▸ **How to complete this task**
Each line in the material below, starting at the one with "laundry room featuring" and ending at the one with "dining room featuring", is to be reproduced exactly; no picture is to be copied.

▸ **Supplied data**

++++++++++++++++++++

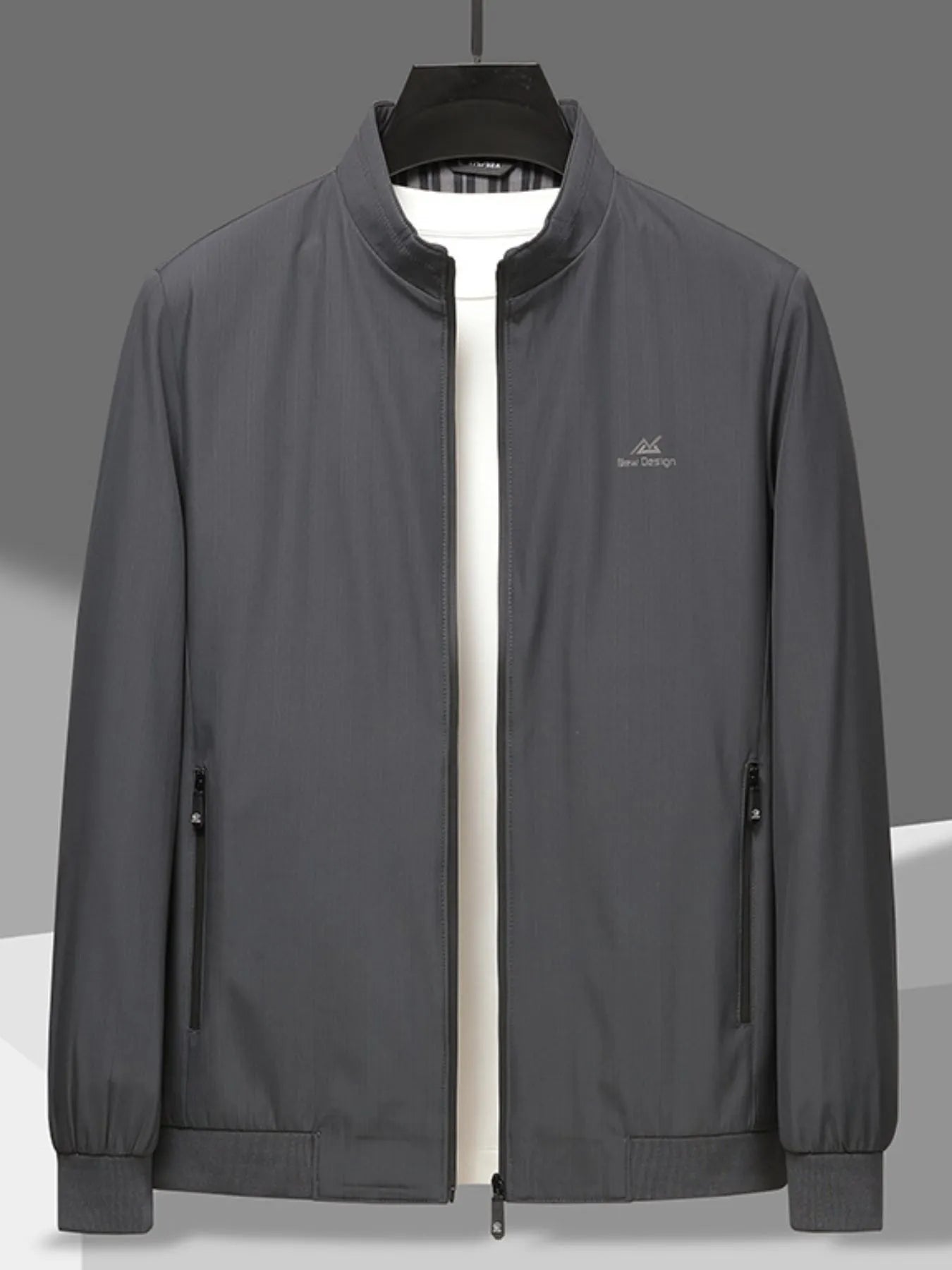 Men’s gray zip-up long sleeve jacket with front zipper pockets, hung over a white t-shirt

++++++++++++++++++++

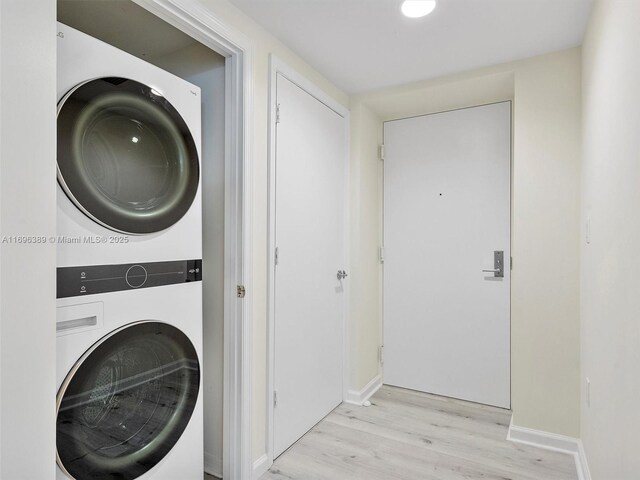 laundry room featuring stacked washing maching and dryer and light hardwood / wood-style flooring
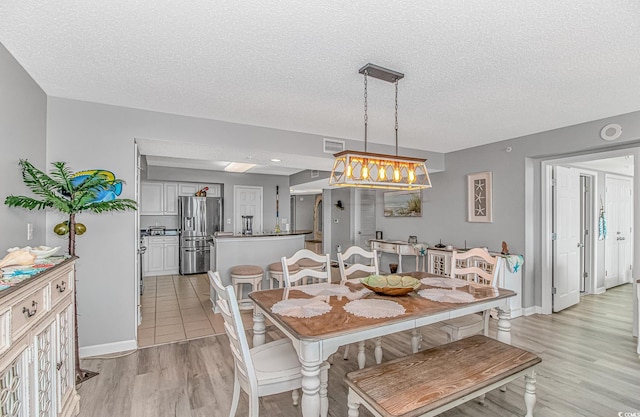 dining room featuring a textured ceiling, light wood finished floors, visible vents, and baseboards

++++++++++++++++++++

▸ **Exercise answer**
 laundry room featuring stacked washing maching and dryer and light hardwood / wood-style flooring
 dining room featuring a textured ceiling, light wood finished floors, visible vents, and baseboards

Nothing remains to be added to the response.